Antoni Macierewicz na konferencji poświęconej bezpieczeństwu, która odbywa się w Monachium, wymienił wszystkie główne etapy rosyjskiej agresji na Zachód. Na równi stawia wojnę z Gruzją, zajęcie Krymu i wojnę na Ukrainie oraz... katastrofę smoleńską.
REKLAMA
Na to, że katastrofa smoleńska była zamachem, Antoni Macierewicz przez lata nie przedstawił ani jednego niepodważalnego dowodu. Ba, nie wiadomo nawet, czy był wybuch, dwie, trzy eksplozje, czy sztucznie rozpylona mgła, implozja. Szef MON mówił nawet o broni elektromagnetycznej. Od roku pracuje sejmowa podkomisja, która pieniądze wydaje na prawo i lewo, ale nawet ona nie przedstawiła żadnych dowodów.

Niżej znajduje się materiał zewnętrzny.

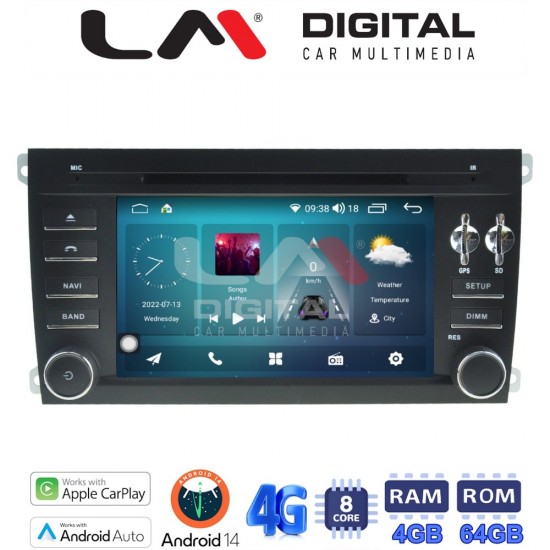 LM Digital - LM C8443 GPS Οθόνη OEM Multimedia Αυτοκινήτου για PORSCHE CAYENNE (CarPlay/AndroidAuto/BT/GPS/WIFI/GPRS)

A mimo tego na Konferencji Bezpieczeństwa w Monachium Antoni Macierewicz bez wahania wymienia katastrofę obok takich wydarzeń, jak wojna w Gruzji i na Ukrainie. Warto podkreślić, że nie było to spotkanie z wiernym elektoratem Prawa i Sprawiedliwości, który wierzy w teorie zamachu a w szefa MON patrzy jak w obraz. Nie było to również oświadczenie wygłoszone do setek ludzi zebranych 10. każdego miesiąca przed pałacem prezydenckim. W konferencji według zapowiedzi miało wziąć udział ponad 30 głów państw (m.in. Andrzej Duda) i szefów rządów, 50 ministrów spraw zagranicznych, 30 ministrów obrony, byli dyplomaci, eksperci, biznesmeni oraz dziennikarze.